Sunday, March 2, 2014
HOA Disclosure Laws Provide False Sense of Accomplishment
Our Colorado legislature will pass more "disclosure" laws in 2014. Disclosure laws are intended to ensure all information about a transaction is exposed guaranteeing the parties involved in the event are not deceived and have all information to make a sound decision. In law making, however, disclosure Bills can present a false sense of accomplishment. They appear forceful, problem solving and protective of rights but in reality are meant to preclude change. They are too often the result of Bill sponsors caving into interest group pressures to remove that which could affect change. The Bill is rewritten to exclude any enforcement provisions. Disclosure Bills are more often than not ornamental, administrative, and empty and provide a false sense of accomplishment. Most HOA laws are disclosure types. They direct the HOA or property management company to document but not change the practice and fail to address enforcement.

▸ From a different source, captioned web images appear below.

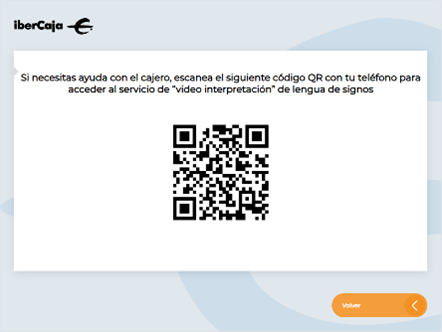 Imagen de la candidatura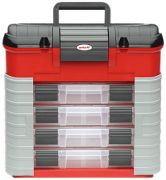 Carolus Toolbox 2032.00 Carolus Toolbox 2032.00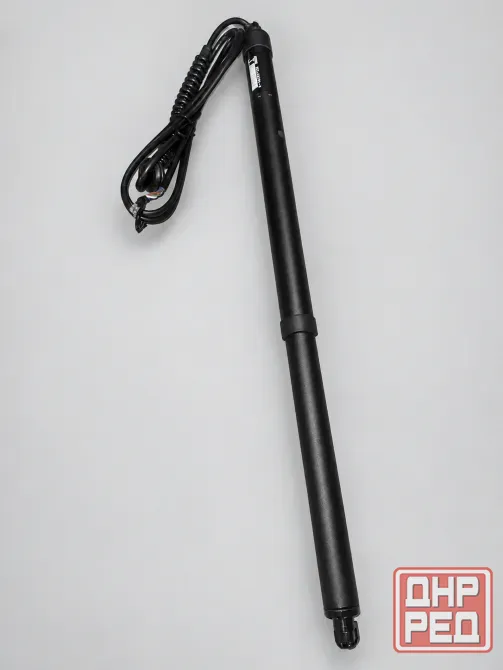 Электропривод крышки багажника K-1459DT120 Донецк - изображение 1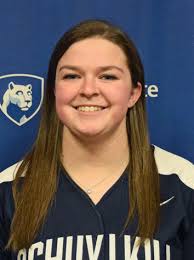 Ten Schuylkill student-athletes earn All-Decade honors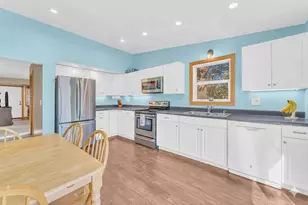 2800 Mabie St, Delavan, WI 53115 - Photo 27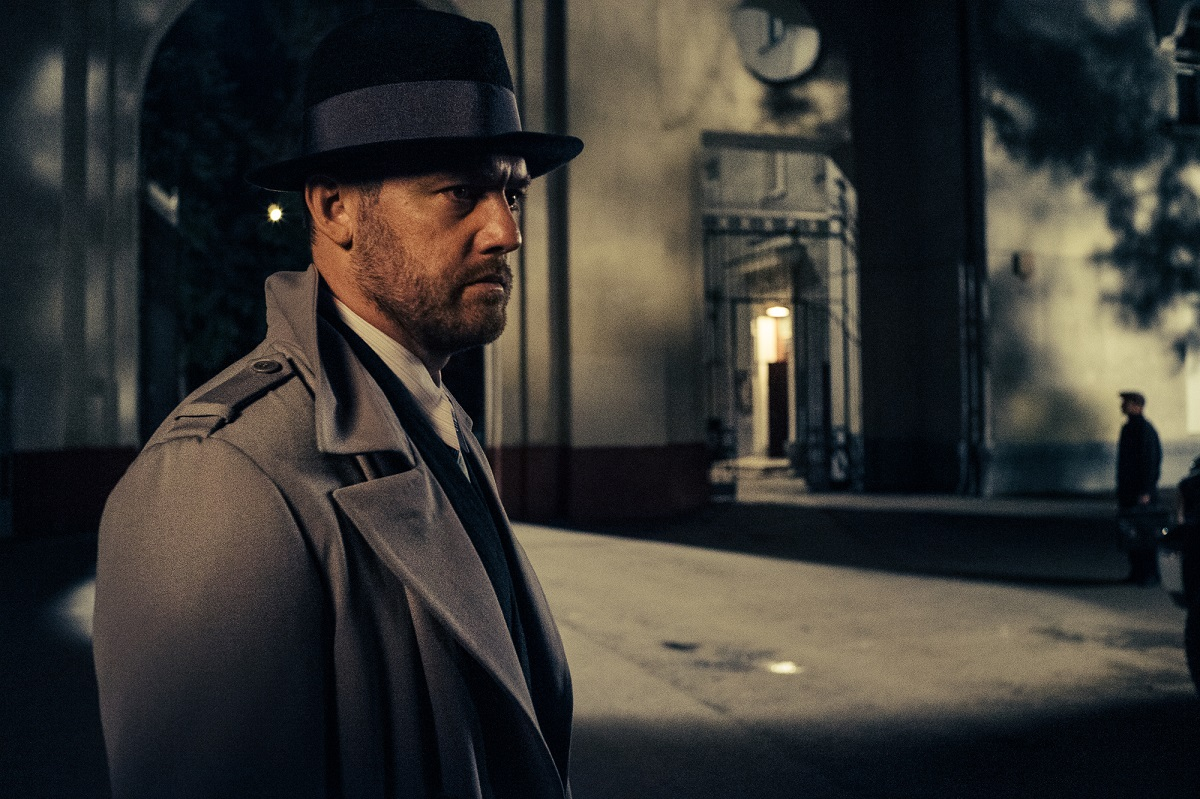 фото из открытых источников.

The HOA Transfer Fee Disclosure Bill exemplifies this illusionary legislative tactic. The transfer fee is known to be abusive, excessive, and misused and the original Bill had a defined solution. It was changed to a disclosure Bill. Now the abusive practice simply must be documented but nothing in the Bill will stop the practice. Even HOA laws addressing release of records to home owners or rules for elections are ornamental. The laws are well intentioned and defined and require documentation and disclosure but are absent of enforcement from the home owner’s perspective. Legislators can feel good and boast about their vote but in reality they supported more of the same. Thus, disclosure laws require documenting the problem to be solved but do little to change it. The next time you read about passage of a “disclosure” Bill know that it is in reality a law in which its' original intention and effectiveness has been watered down or removed to ensure continuation of the practice intended to be corrected.